* What you are asked to do
Lines from the line with "Жовтий пілінг" to the line with "Thấy giật cơ" in the entries below, and only those, must be output exactly, with both ends included.

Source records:
<<<<
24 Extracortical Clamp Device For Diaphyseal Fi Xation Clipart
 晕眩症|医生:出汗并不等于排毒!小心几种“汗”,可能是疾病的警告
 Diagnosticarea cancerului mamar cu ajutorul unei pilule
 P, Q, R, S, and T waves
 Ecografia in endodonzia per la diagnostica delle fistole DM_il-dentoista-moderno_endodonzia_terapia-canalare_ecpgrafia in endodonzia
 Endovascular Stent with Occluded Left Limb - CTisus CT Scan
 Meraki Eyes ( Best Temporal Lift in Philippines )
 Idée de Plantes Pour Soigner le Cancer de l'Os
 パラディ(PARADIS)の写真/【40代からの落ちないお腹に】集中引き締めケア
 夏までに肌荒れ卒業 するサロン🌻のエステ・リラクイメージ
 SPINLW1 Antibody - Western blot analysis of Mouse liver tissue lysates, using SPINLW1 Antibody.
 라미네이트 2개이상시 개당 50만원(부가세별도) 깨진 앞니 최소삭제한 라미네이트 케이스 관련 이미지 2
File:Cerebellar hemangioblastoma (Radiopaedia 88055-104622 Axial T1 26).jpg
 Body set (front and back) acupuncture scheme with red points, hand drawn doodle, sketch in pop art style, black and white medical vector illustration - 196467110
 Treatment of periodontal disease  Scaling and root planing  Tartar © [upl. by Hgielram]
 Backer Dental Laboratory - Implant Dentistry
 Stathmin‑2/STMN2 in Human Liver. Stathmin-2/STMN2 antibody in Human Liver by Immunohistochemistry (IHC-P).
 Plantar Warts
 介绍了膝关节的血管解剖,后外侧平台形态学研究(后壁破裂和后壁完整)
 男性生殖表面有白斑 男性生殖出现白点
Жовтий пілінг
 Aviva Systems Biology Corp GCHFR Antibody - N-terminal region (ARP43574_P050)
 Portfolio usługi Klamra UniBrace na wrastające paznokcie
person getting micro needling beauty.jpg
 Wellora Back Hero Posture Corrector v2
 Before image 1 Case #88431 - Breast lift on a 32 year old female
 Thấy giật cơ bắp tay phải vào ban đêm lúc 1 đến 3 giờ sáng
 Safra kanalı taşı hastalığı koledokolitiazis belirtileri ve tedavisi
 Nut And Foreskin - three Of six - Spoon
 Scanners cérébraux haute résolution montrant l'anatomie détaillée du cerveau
>>>>
* Written answer
Жовтий пілінг
 Aviva Systems Biology Corp GCHFR Antibody - N-terminal region (ARP43574_P050)
 Portfolio usługi Klamra UniBrace na wrastające paznokcie
person getting micro needling beauty.jpg
 Wellora Back Hero Posture Corrector v2
 Before image 1 Case #88431 - Breast lift on a 32 year old female
 Thấy giật cơ bắp tay phải vào ban đêm lúc 1 đến 3 giờ sáng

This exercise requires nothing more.